Server side trojan issue
Zope provides several object types that may be thought of as "executable" content. DTMLDocuments, DTMLMethods and SQLMethods are examples of executable content.
Under the current Zope security model, a DTMLMethod author can create a method containing code that attempts to perform actions above the author's level of privilege. If the author attempts to run this method, he will get an error because he is not sufficiently privileged to perform the actions. However, if the author can arrange for a more privileged user to view his content, the code will run, possibly performing actions without the higher-privileged user even knowing about it. This hole results from the fact that DTMLMethods execute with the privileges of the user executing the method.
Who is affected
Any site that allows untrusted users to create or edit "executable" content (DTML Documents, DTML Methods or SQL Methods currently) could be affected by this problem.
Zope 2.2 will contain changes to prevent this issue. In the meantime, managers of potentially affected sites should take some operational precautions to reduce their risk.
- Do not view untrusted content while logged in with privileges that could be abused and always end your session with those privileges as soon as your work is done.
- Create temporary users with "just enough privilege" to do a particular task and perform as much work as possible with these restricted privilege users.
- Keep an eye on your site for suspicious activity - looking at the "undo" tab on the top-level folder of your site is a good way to get an idea of who has been doing what.
- Keep good backups (which you should of course do anyway), and if possible avoid packing your site - that will give you most options for undoing site changes if you need to.
In Zope 2.2.0, the security model will be changed to prevent this issue.
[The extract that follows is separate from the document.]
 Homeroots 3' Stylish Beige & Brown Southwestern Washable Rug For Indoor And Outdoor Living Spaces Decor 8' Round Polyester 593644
When executing, an executable (an object that executes logic supplied through the Web) will provide access to a protected resource only if the resource is accessible to both the user running the executable and to the owner of the executable.
That's right, we are finally going to define honest to God owners. For starters, when an executable is created by a authenticated user other than the superuser, the authenticated user will become the owner of the executable. An executable is created when someone adds one or when one is copied or imported.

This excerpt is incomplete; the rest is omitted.